Chocolate bloom stability was also studied as the addition of probiotics into the tempered chocolate might also affect fat crystallisation, therefore affecting its tendency to bloom (Table 5). Throughout 12 months, the whitening index of the chocolate coating from the three snacks was comparable at the same storage duration. The whitening index of chocolate coating was found to increase only slightly, even though significantly (F = 5.4, p < 0.01), up to 12 months of storage in snacks stored at both 25 °C and 4 °C, indicating good stability of the snacks during storage.

3.3.1 Sensory analysis and willingness to buy. The sensory analysis of two pulse flour snacks (C and L) was conducted through a consumer test to assess their perception and acceptability among older adults (>65 years old), including overall acceptability and key product attributes (Fig. 4). The overall liking of C and L snacks received scores of 6.1 and 6.0, respectively (Fig. 4A). The top value of the three boxes revealed that the overall liking of the two snacks was comparable; however, the L snack had a better overall acceptance than the C snack (49% vs. 41%), although the C snack's liking was skewed towards higher liking grades. All key sensory attributes (Fig. 4C) were found to oscillate around a score of 6, and no significant differences were found between the two snacks, with the exception of chocolate flavour, which was significantly higher in the C snack than in the L snack. Both snacks were mainly penalised in terms of texture: snacks were perceived as slightly too hard/too hard (56% C snack and 40% L snack), and not friable/slightly not friable (50% C snack and 45% L snack). These findings clearly indicated that the product's optimization, necessary to bring them to the market, should focus primarily on physical properties (i.e., texture) as they are important for enhancing its intrinsic sensory appeal.

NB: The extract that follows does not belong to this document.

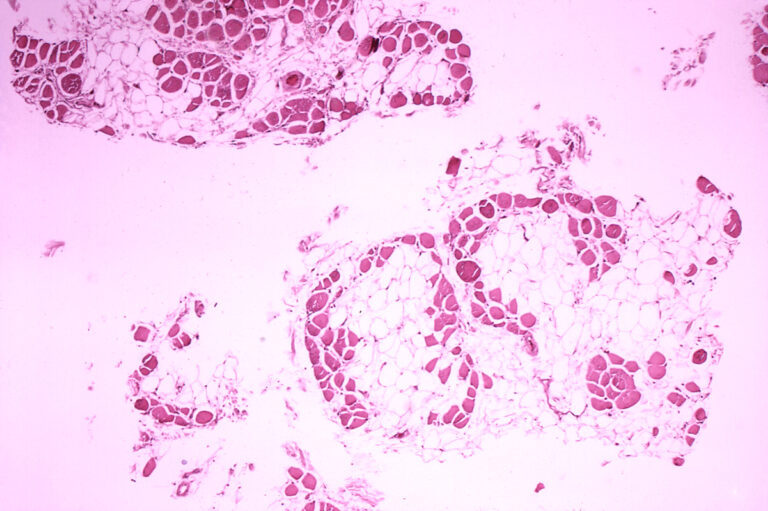 Promising Therapy for Treating Fatal Genetic Disorder ￼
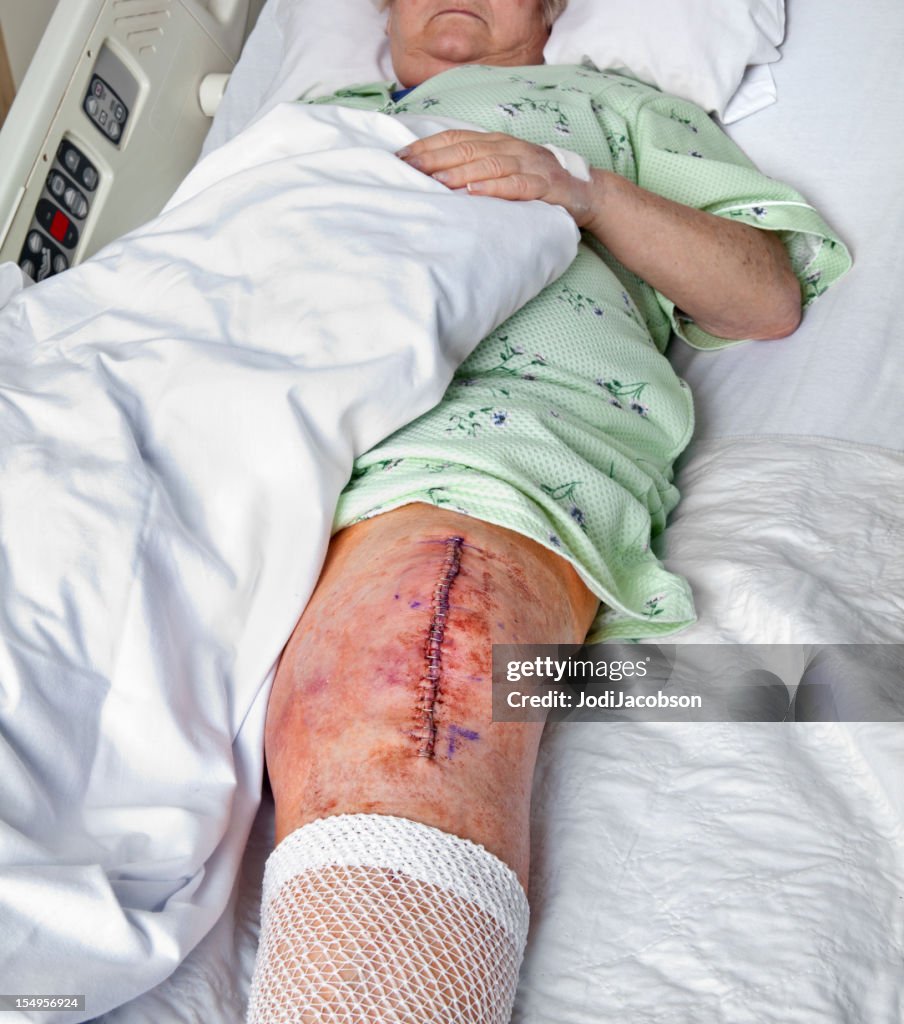 Artroplastia de la rodilla de incisión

The most pronounced difference in perception between the two samples was related to the chocolate flavour intensity and, more broadly, to the balance between chocolate and biscuit (Fig. 4D). In particular, for the L snack, there was an increase in penalties concerning the lower intensity of the chocolate flavour, and a higher number of consumers, compared to the C snack, considered the chocolate-to-biscuit ratio to be less balanced. The preference towards the C snack was mainly driven by the flavour, the greater ability to convey the chocolate flavour and, more generally, by a preference towards the aromatic olfactory characteristics of the product. In contrast, the consumers who preferred the L snack were mainly concerned with its texture characteristics.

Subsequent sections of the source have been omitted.